Que el medio estratégico se ha alterado radicalmente en menos de dos años es ya un lugar común, por no decir un cliché. Sin embargo, esa realidad se ha hecho necesariamente piedra angular de cualquier análisis que se a de la política exterior, las iniciativas diplomáticas y la estructura de fuerza militar venideras en Estados Unidos: en una palabra, para el futuro papel de este país en un mundo radicalmente alterado. El fin de la guerra fría, sellado por la muerte del comunismo soviético, representa un momento de triunfo para Estados Unidos, un triunfo de la previsión, la decisión nacional y la tenacidad prolongadas a lo largo de cuarenta años. Incluso un observador tan sagaz como Alexis de Tocqueville habría dudado de que la democracia americana fuera capaz de sostener un tan duradero compromiso en ultramar. Ese compromiso reflejaba la aceptación de una responsabilidad internacional apoyada en un consenso nacional que, en la tarea principal de contener la expansión soviética, hizo una exhibición de bipartidismo sin precedentes.
Todo esto, en gran medida, es ahora historia. La guerra fría proporcionaba la pura simplicidad de la confrontación entre las superpotencias y sus alianzas. Se podían trazar con notable claridad las líneas de fuerza principales. Esas líneas cambiaban lentamente, si es que alguna vez lo hicieran. El hoy era muy parecido al ayer; y en términos generales, el año que viene se esperaba que fuera muy semejante a este.
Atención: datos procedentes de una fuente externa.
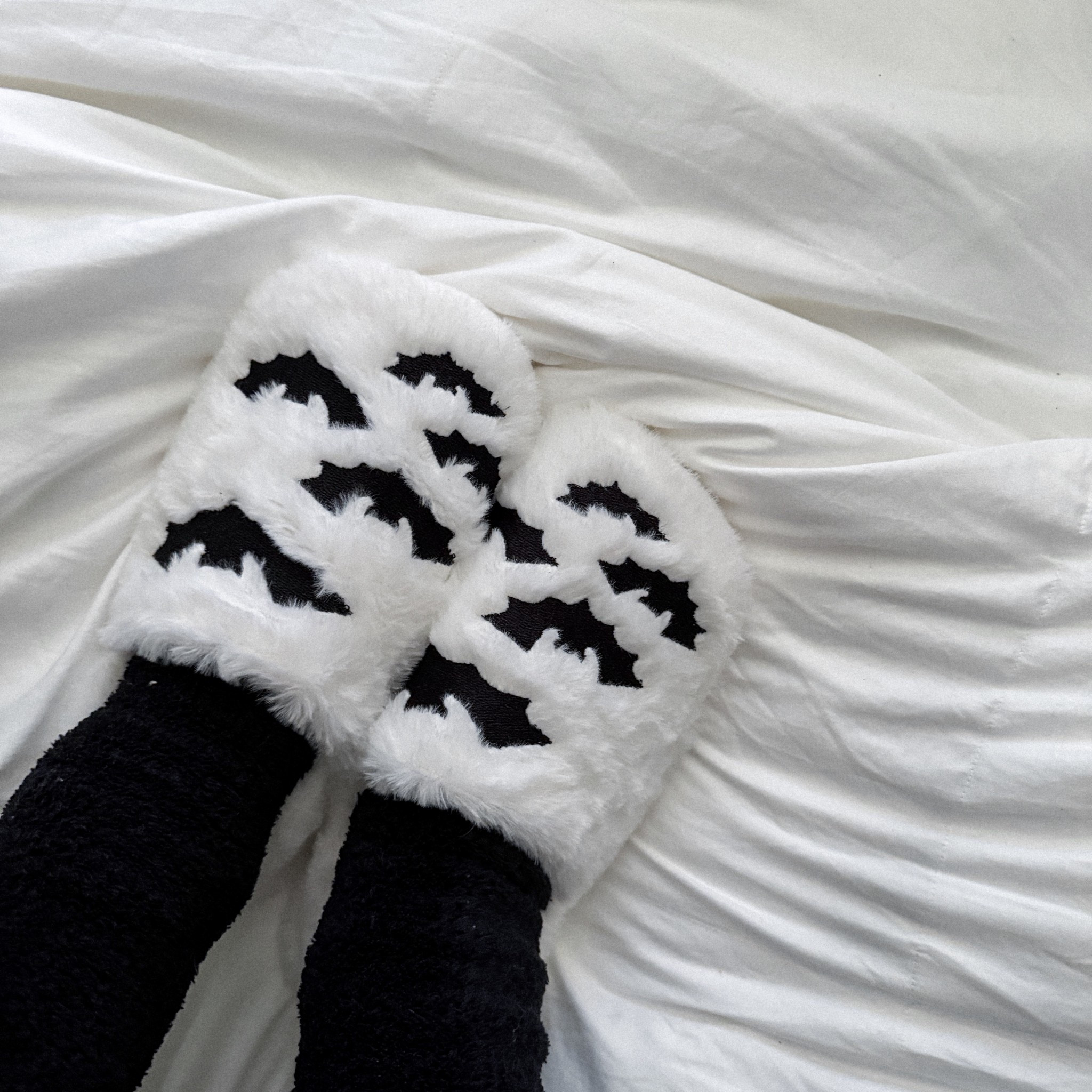 found the cutest (and coziest) bat slipper socks + will be living in them all fall 😂🦇☁️ 

#LTKShoeCrush #LTKHalloween #LTKSeasonal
Tanto para el público como para los creadores de la política la guerra fría proporcionaba una sancta simplicitas, hitos previsibles, durante un período que muchos recordarán algún día con nostalgia.
Los norteamericanos tienden a ser bastante románticos. El mundo les parece un lugar benigno en el que la armonía natural entre los pueblos, sólo se quiebra intermitentemente por obra de hombres perversos o de…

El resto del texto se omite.